At the end of this journey, or more precisely, at this stage in the journey, I now find myself on the edges of a Catholic community of Mexican-Americans among whom I feel at home. But, at the same time, I am in exile when I am among them. I am not part of this community: despite our common faith and heritage, I really have very little in common with them. I can see past these differences to a deeper commonality, a communion of identity. But it is clear that they do not see me as a Mexicano. I speak to them in (my admittedly bad) Spanish; they respond in English (which is often as bad as my Spanish). I think I am seen as a gringo, which is rather unsettling: growing up, other people were gringos. (Heaven forefend that they think of me as a gabacho!)

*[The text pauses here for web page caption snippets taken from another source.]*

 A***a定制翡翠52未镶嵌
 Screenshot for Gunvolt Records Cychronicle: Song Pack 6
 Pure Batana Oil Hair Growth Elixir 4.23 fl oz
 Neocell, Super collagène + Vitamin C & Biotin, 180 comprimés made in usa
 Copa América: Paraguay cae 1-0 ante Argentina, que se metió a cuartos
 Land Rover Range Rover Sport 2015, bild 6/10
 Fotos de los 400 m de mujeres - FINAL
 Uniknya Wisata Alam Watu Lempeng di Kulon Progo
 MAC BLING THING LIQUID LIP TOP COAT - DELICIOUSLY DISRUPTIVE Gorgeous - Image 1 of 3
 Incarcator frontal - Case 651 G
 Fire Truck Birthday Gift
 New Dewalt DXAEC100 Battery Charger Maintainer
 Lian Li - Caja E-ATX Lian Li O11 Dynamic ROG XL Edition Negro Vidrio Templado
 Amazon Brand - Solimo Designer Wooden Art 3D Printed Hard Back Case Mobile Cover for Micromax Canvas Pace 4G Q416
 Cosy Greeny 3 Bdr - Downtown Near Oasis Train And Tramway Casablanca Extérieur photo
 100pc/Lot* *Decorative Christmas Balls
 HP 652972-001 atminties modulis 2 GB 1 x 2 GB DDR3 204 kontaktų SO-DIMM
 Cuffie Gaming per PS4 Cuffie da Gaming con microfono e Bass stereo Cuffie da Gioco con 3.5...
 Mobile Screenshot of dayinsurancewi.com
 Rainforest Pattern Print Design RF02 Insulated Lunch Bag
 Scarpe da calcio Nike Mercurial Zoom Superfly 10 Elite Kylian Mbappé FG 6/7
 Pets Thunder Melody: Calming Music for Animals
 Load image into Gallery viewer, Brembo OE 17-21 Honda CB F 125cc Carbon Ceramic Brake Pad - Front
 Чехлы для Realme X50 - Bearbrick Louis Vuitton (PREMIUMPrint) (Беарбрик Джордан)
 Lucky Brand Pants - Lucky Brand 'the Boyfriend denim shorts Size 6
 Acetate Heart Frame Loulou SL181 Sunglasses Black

I want to be clear: much of this is occurring as a psycho-drama in my own head. I was not silly enough to expect them to run out and embrace me, shouting “Hermano!” just because I showed up at a few of their events. And the language barrier is a significant one: such practice as I have had with Spanish for the past two decades has been in Spain, and what Churchill said of the US and Great Britain is equally true of Mexico and Spain: the one thing separating them is their common language. Moreover, I have certainly bonded with the one other Mexican-American on the faculty at UA. But there remains this unsettling sense of loss, of exile, even as I experience something I can only describe as coming home. I think I now understand something Ursula LeGuin said in her great novel, The Dispossessed:
You can go home again…so long as you understand that home is a place where you have never been.